## RAW DATA
=== Begin Enclosure ===
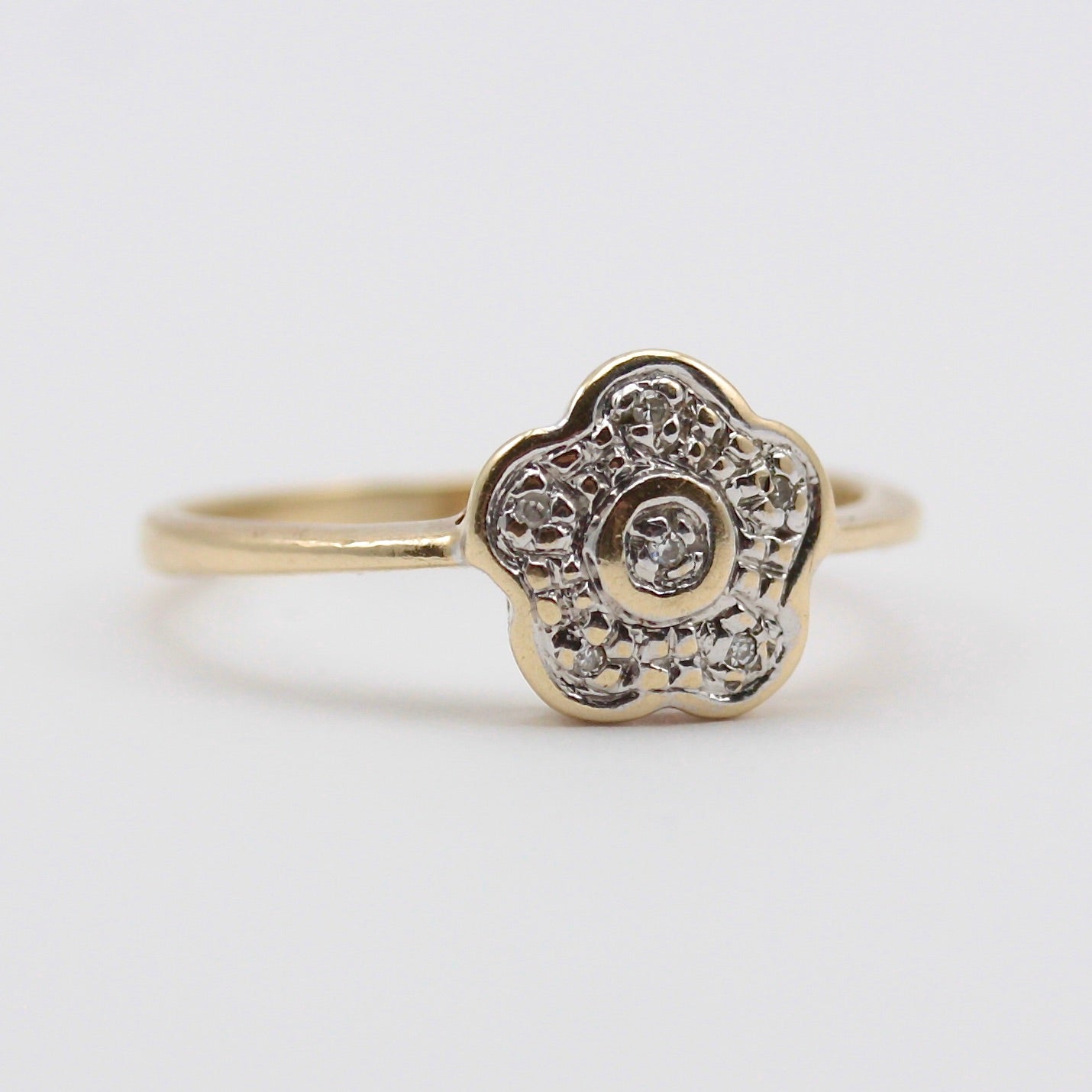 Pre-owned 9ct Gold Diamond Daisy Ring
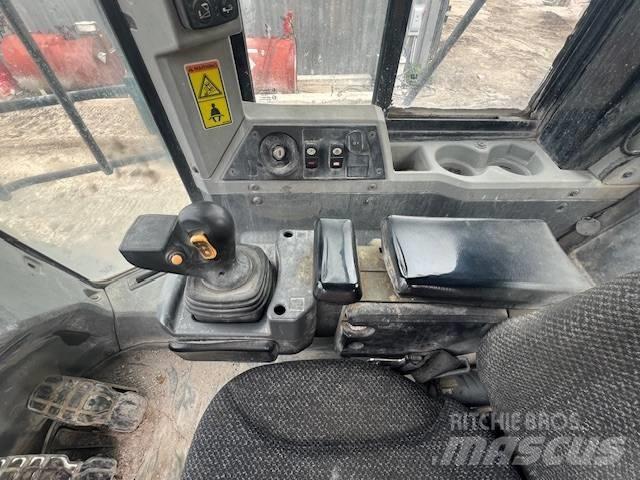 CAT 950 K Фронтальные погрузчики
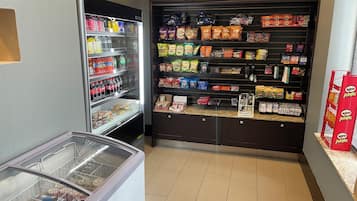 Valikoima välipaloja ja juomia, mukaan lukien kylmät juomat ja erilaiset naposteltavat tuotteet.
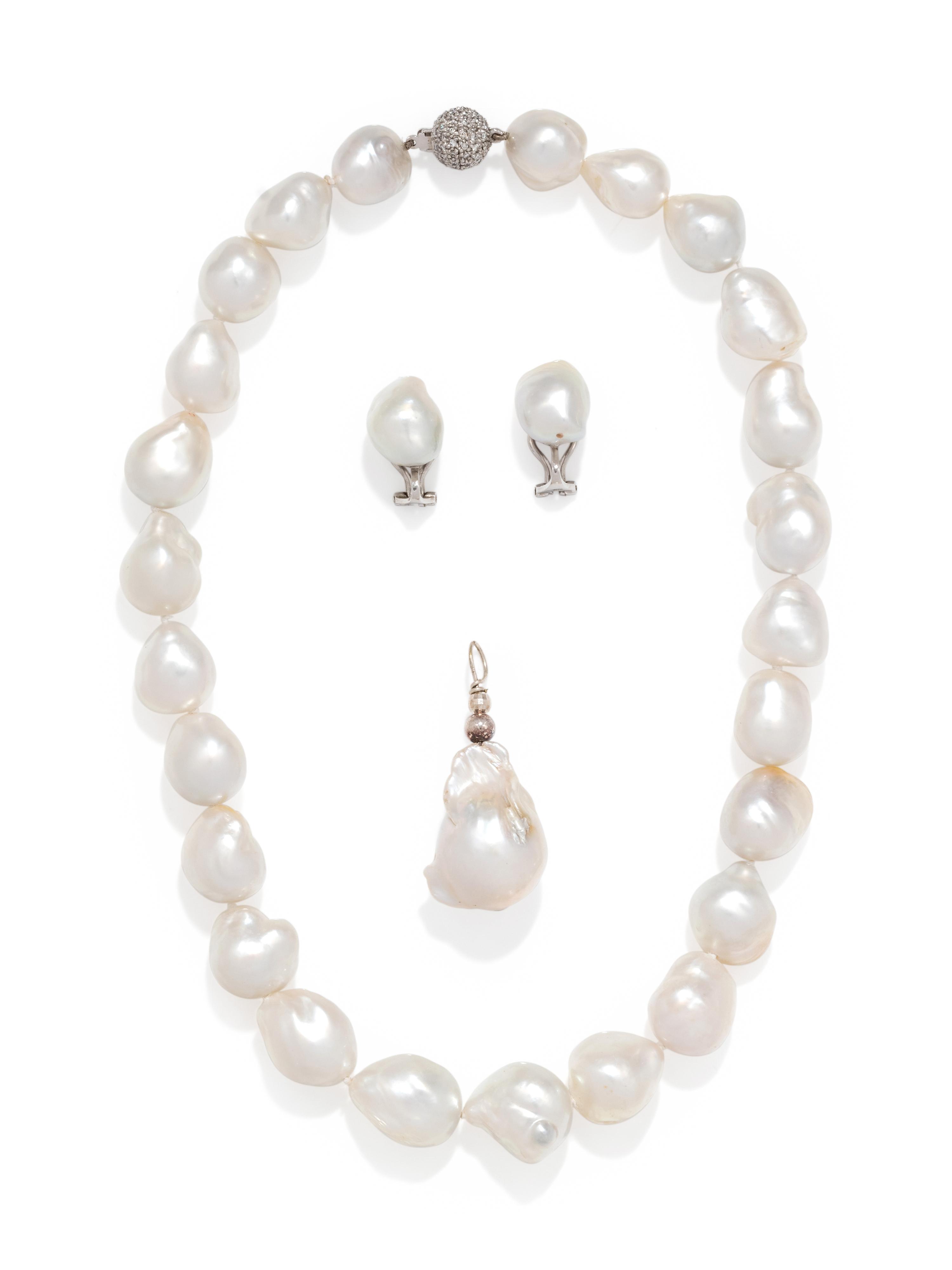 CULTURED BAROQUE PEARL SET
=== End Enclosure ===
Would you output, word for word, only the lines running from the line with "Valikoima välipaloja ja" to the end of the listing above, both ends included, with no pictures?

 Valikoima välipaloja ja juomia, mukaan lukien kylmät juomat ja erilaiset naposteltavat tuotteet.
 CULTURED BAROQUE PEARL SET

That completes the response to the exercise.